## Task description
Please print, exactly, only the lines in the entries below from the line that has "ZZhengYuanS DemiBold字体转换" through the line that has "NEW INC Sequin". Pictures don't go in.

## Data for review
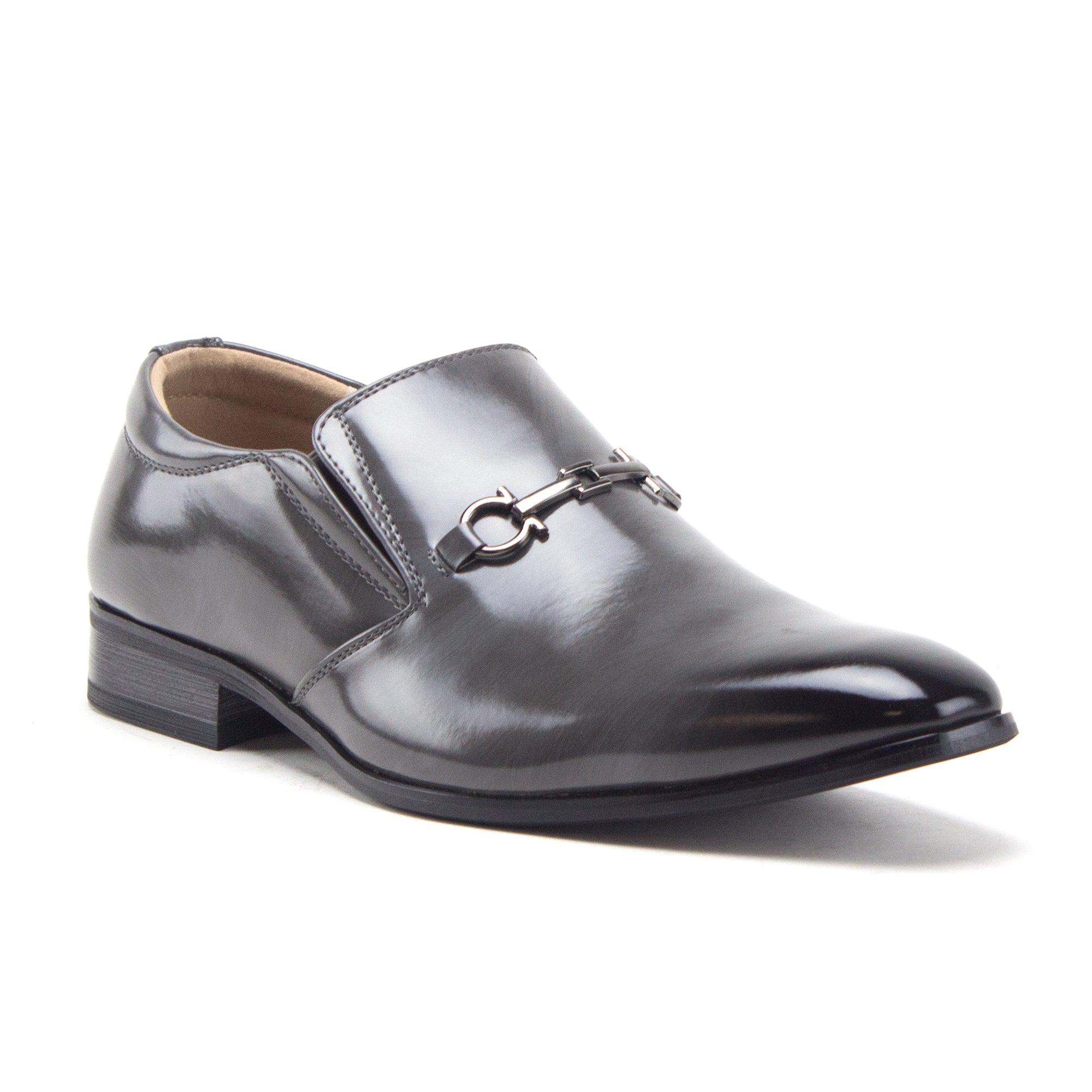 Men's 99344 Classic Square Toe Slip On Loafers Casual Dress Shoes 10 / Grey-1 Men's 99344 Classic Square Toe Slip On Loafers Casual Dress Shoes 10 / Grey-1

--

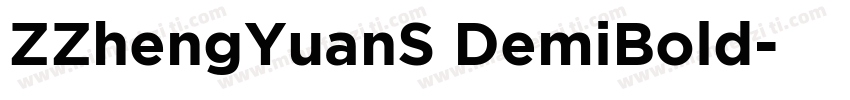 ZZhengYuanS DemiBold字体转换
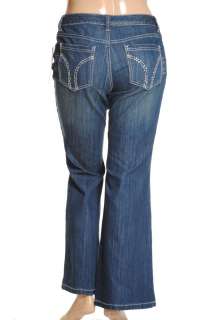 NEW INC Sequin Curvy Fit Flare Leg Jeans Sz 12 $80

--

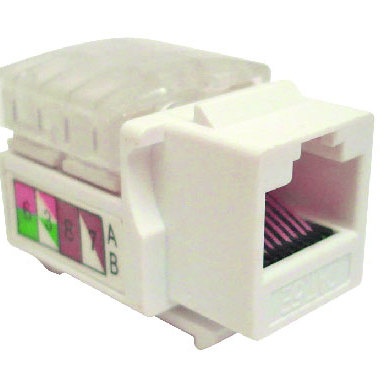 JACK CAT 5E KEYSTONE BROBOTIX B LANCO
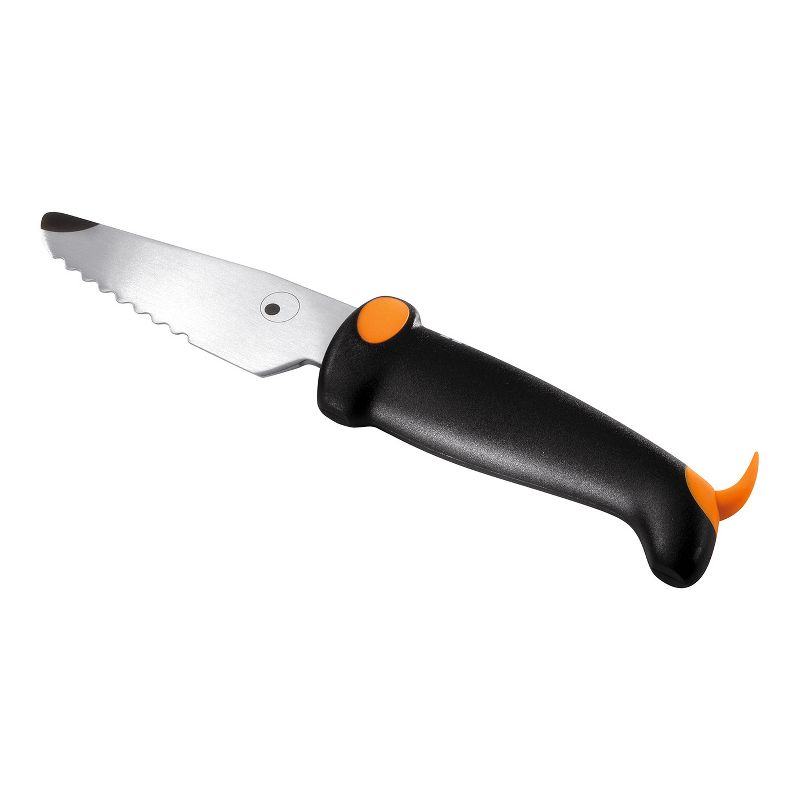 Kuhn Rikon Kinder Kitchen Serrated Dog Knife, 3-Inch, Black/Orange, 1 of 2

## Exercise result
 ZZhengYuanS DemiBold字体转换
 NEW INC Sequin Curvy Fit Flare Leg Jeans Sz 12 $80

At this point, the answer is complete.